Stability diagram of a pair of centrosomes as a function of the average fraction $\overline{\varphi }$ of PCM components and the centriole activity Q. Two centrosomes are stable and have the same volume in the green region. Conversely, one centrosome grows at the expense of the other in the blue region. The dashed line indicates the threshold Q_stab given in Eq. 13 and parameter values are given in Table 2. Insets show schematics of the centrosome volumes as a function of time in the respective regions. These dynamics and the associated stability are obtained from a numerical analysis of a simplified model of centrosome growth (Appendix: Autocatalytic Growth of Multiple Droplets).

Fig. 6.

Radii of two centrosomes with unequal centrioles as a function of time.
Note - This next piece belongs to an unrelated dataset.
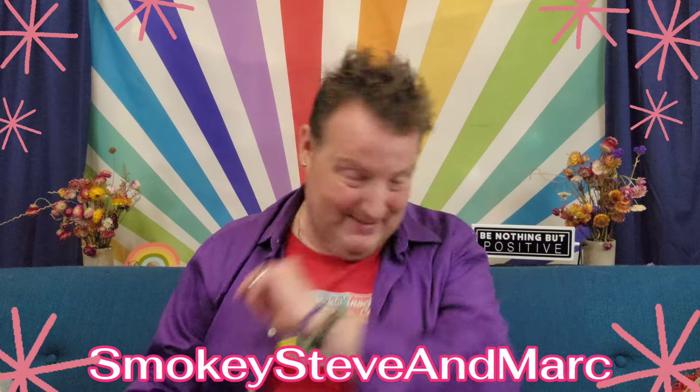Hey guys, welcome to Smokey Steve and Mark — I'm Mark. Steve's around, say hi Steve. Welcome, or welcome back! So you got Steve yesterday and you get me today. I thought it would be a lot of fun on this Friday night to do a little quick bite with you. And this recipe — oh, it's so fun, it's so delicious, or should I say decadent? It's a dessert recipe — you know me and my sweets!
The solid lines show a fit of the theory to the experimental data (squares and circles) obtained in the two-cell stage (AB cell) of C. elegans where the protein SAS-4 has been partly depleted. Fit parameters are the catalytic activity Q₂ of the centriole pair of the smaller centrosome, the average fraction $\overline{\varphi }$ of PCM components, and the time of growth initiation. The remaining parameters are taken from Table 2. The theoretical growth curve obtained with the same parameters in the symmetric case, $Q_1=Q_2=0.1\hspace{0.17em}\mathrm{\mu }{\mathrm{m}}^3/\mathrm{s}$, is also shown (gray).